==== Information provided

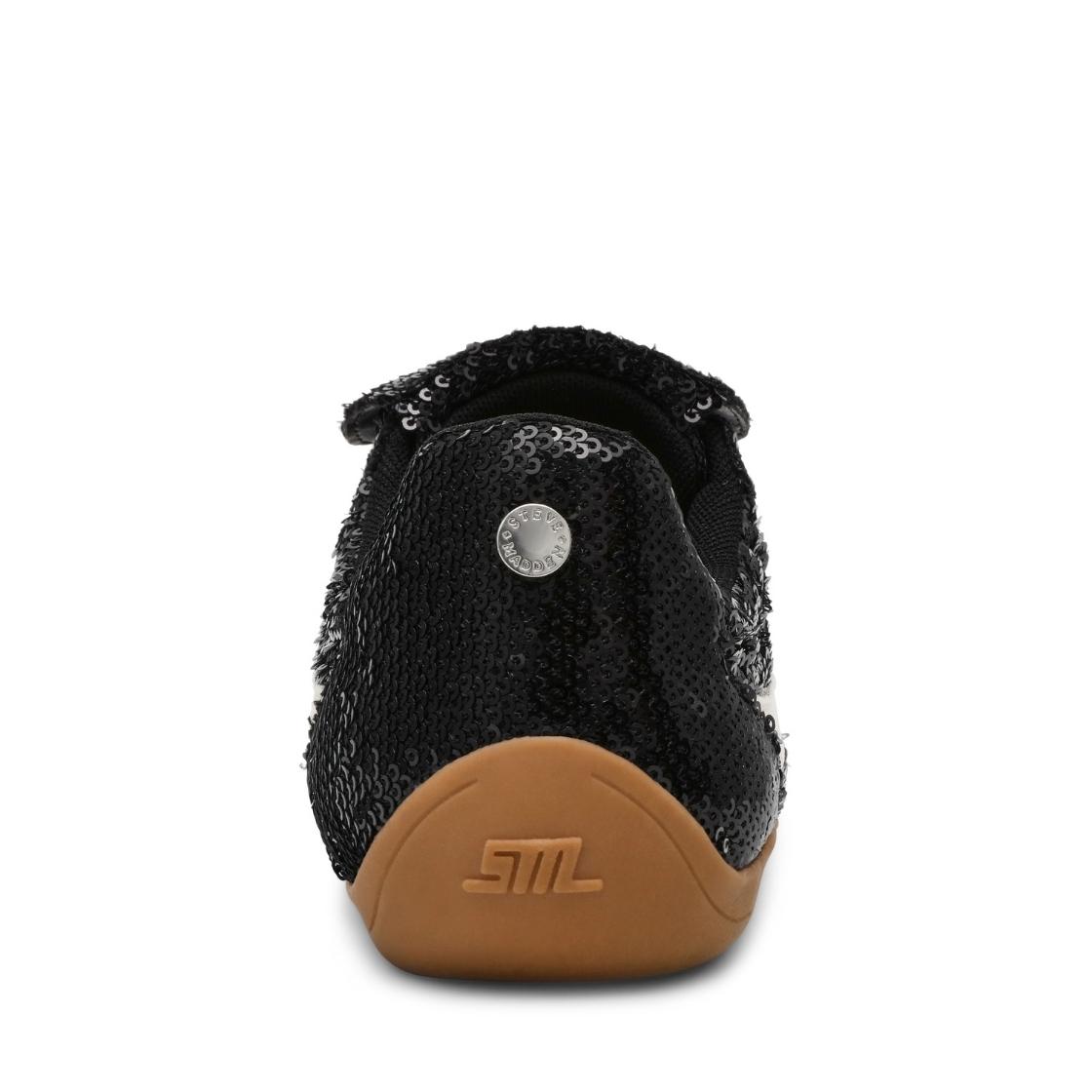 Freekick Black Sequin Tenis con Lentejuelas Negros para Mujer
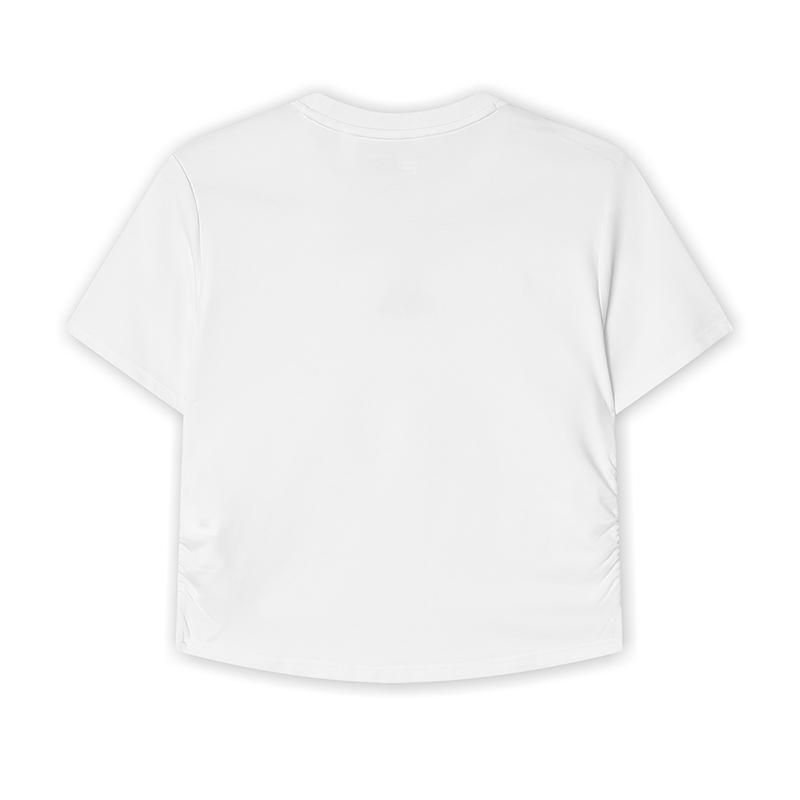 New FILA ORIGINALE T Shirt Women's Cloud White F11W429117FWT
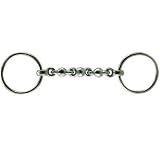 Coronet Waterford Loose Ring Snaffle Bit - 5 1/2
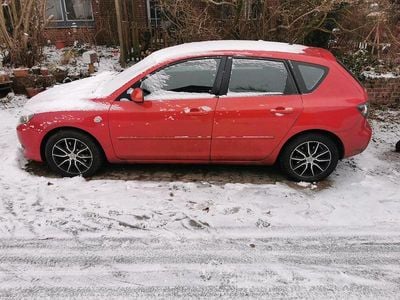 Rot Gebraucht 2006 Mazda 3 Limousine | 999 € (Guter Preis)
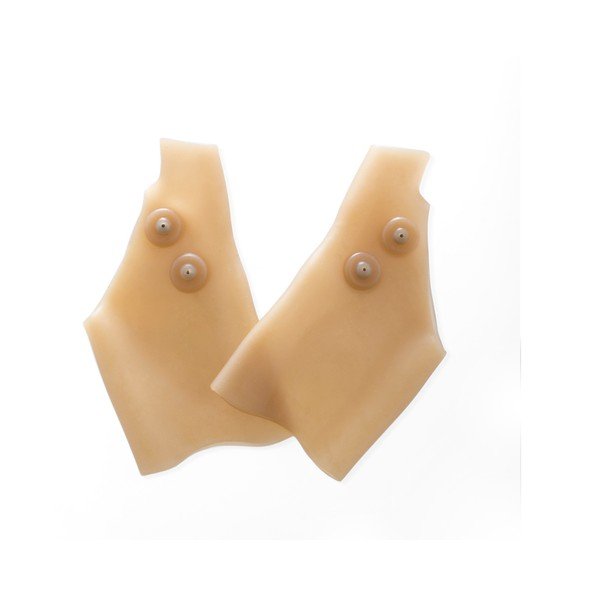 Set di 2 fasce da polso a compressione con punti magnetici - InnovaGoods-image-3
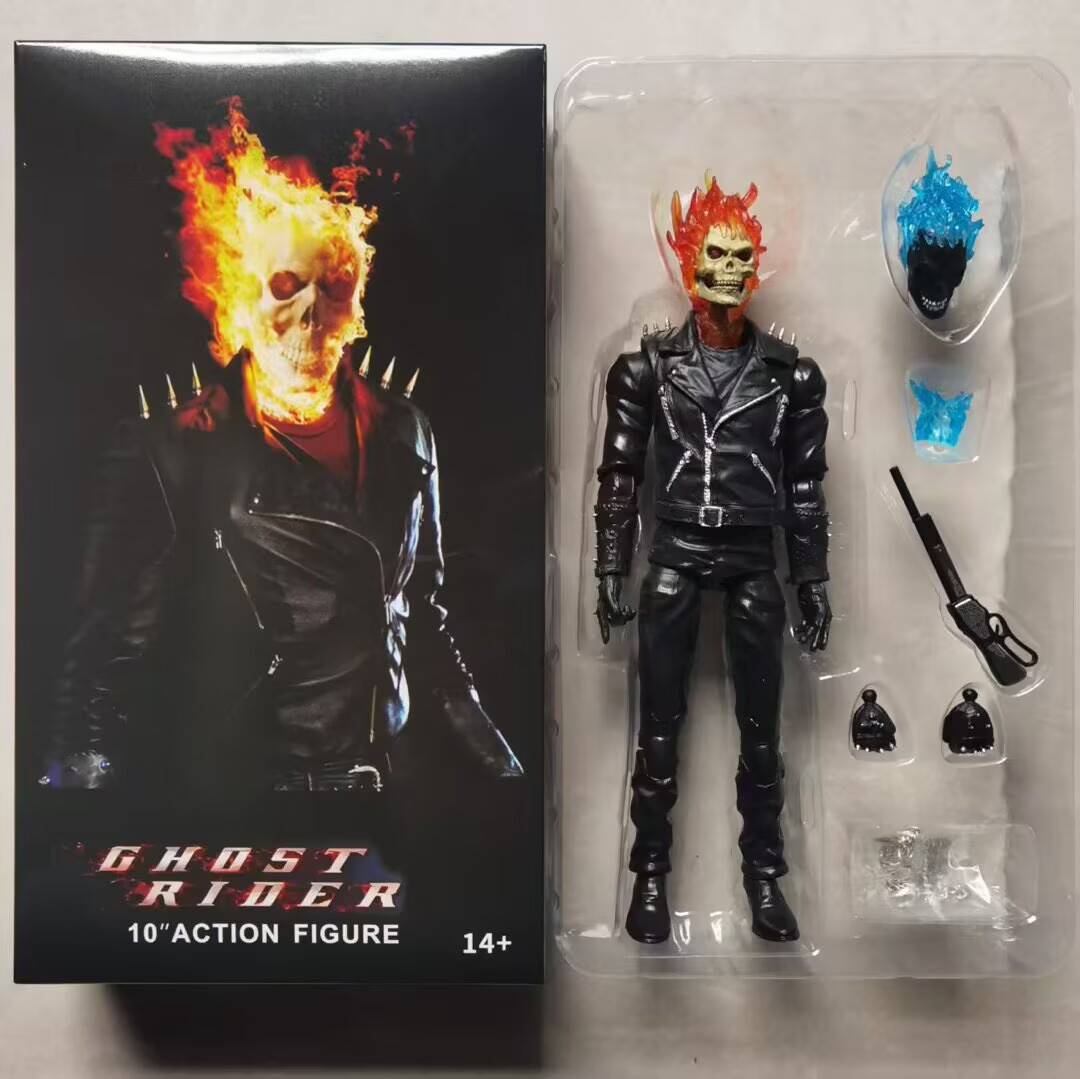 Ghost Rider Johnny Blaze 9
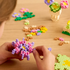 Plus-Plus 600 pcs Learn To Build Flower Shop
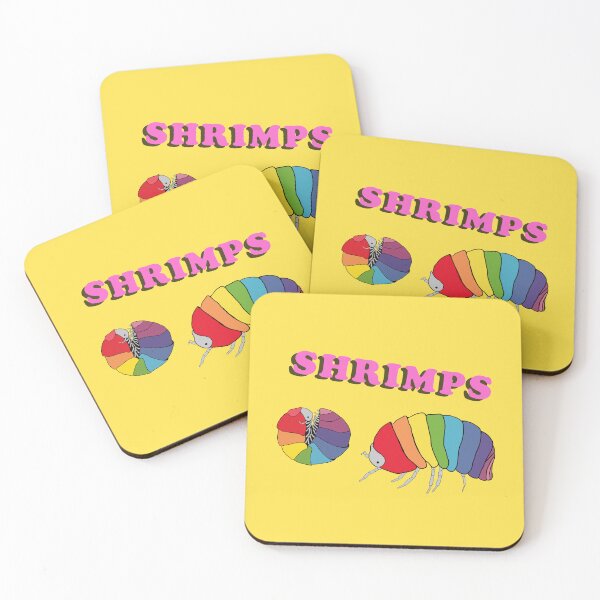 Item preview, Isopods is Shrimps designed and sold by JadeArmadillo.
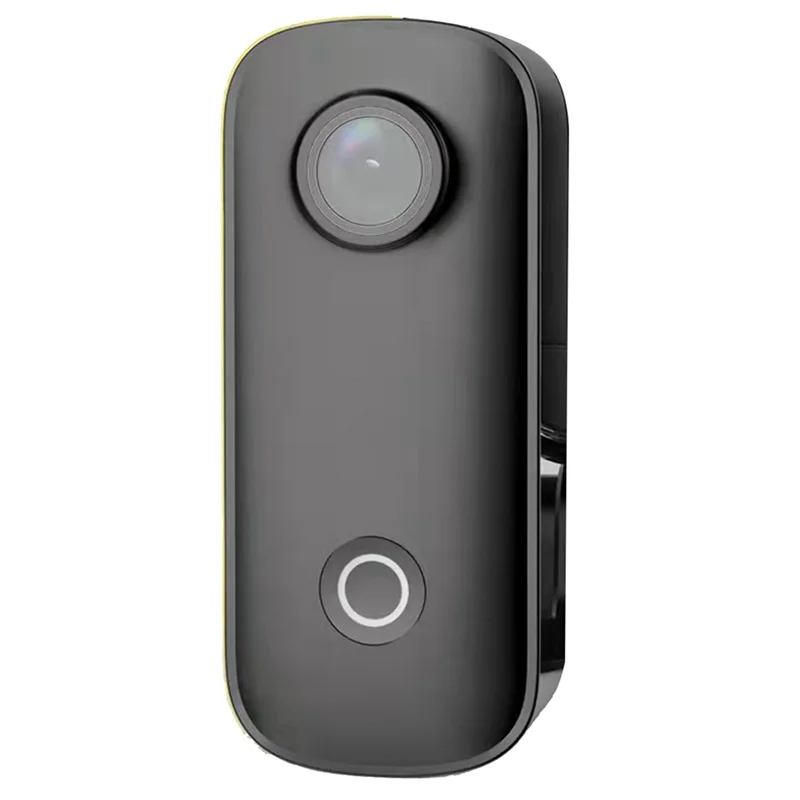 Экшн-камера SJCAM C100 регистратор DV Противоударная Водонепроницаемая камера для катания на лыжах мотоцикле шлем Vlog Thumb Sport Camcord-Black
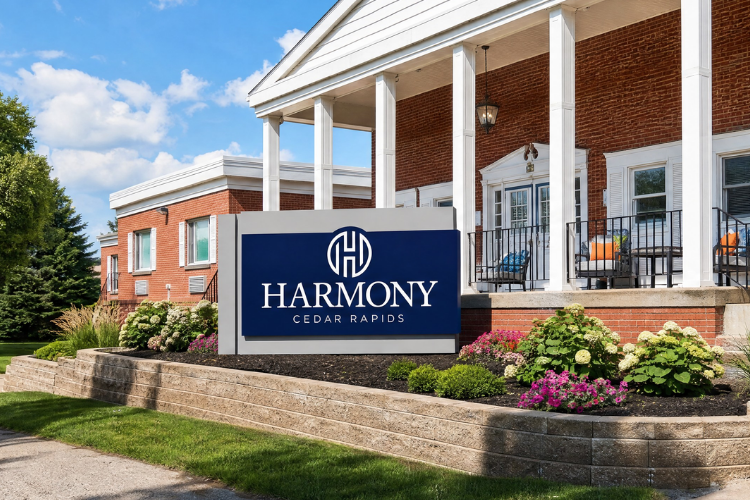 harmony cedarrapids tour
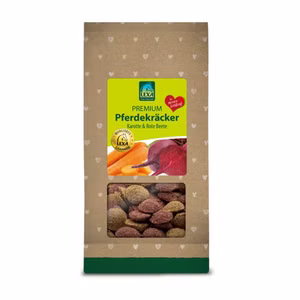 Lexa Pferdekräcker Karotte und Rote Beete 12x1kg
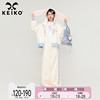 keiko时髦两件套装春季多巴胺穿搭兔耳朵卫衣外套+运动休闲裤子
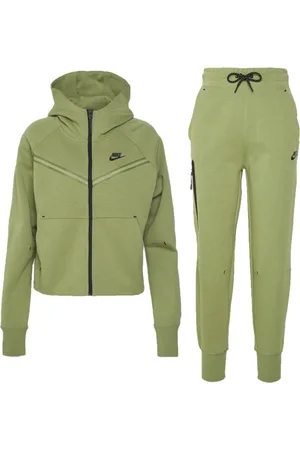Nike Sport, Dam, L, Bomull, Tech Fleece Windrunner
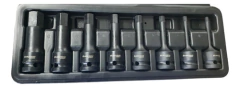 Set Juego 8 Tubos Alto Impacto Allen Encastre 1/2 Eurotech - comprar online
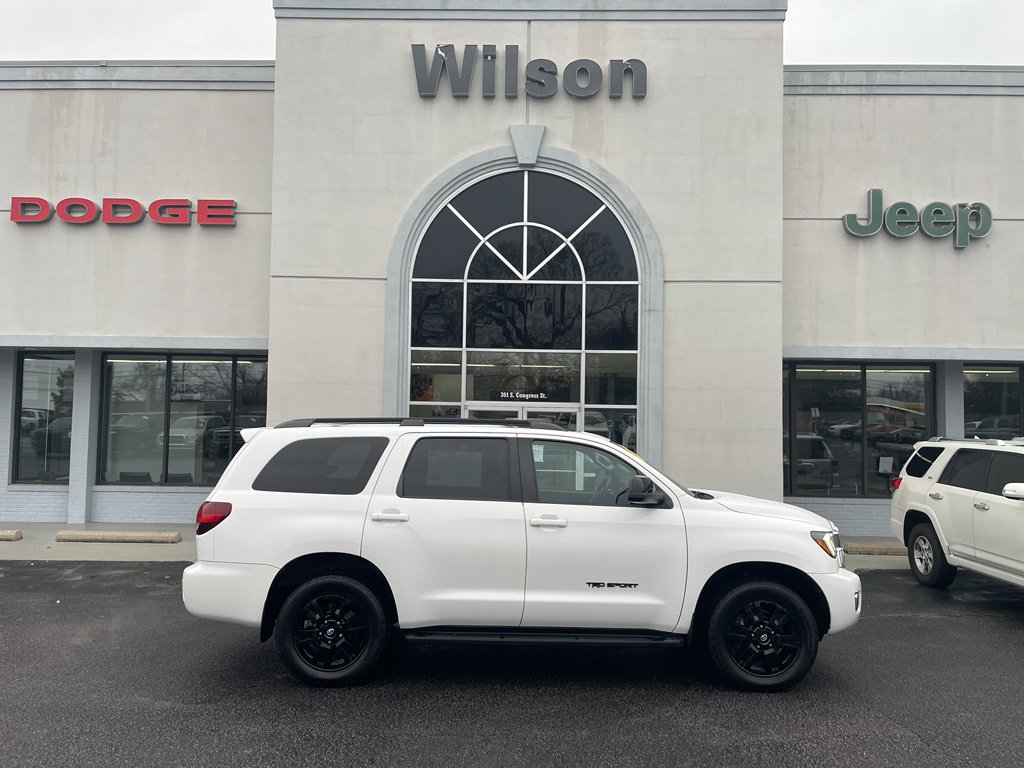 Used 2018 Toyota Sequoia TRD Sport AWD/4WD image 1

========

# Problem details
The answer must be an exact restatement of all the records, with no pictures included.

# Written response
 Freekick Black Sequin Tenis con Lentejuelas Negros para Mujer
 New FILA ORIGINALE T Shirt Women's Cloud White F11W429117FWT
 Coronet Waterford Loose Ring Snaffle Bit - 5 1/2
 Rot Gebraucht 2006 Mazda 3 Limousine | 999 € (Guter Preis)
 Set di 2 fasce da polso a compressione con punti magnetici - InnovaGoods-image-3
 Ghost Rider Johnny Blaze 9
 Plus-Plus 600 pcs Learn To Build Flower Shop
 Item preview, Isopods is Shrimps designed and sold by JadeArmadillo.
 Экшн-камера SJCAM C100 регистратор DV Противоударная Водонепроницаемая камера для катания на лыжах мотоцикле шлем Vlog Thumb Sport Camcord-Black
 harmony cedarrapids tour
 Lexa Pferdekräcker Karotte und Rote Beete 12x1kg
 keiko时髦两件套装春季多巴胺穿搭兔耳朵卫衣外套+运动休闲裤子
Nike Sport, Dam, L, Bomull, Tech Fleece Windrunner
 Set Juego 8 Tubos Alto Impacto Allen Encastre 1/2 Eurotech - comprar online
 Used 2018 Toyota Sequoia TRD Sport AWD/4WD image 1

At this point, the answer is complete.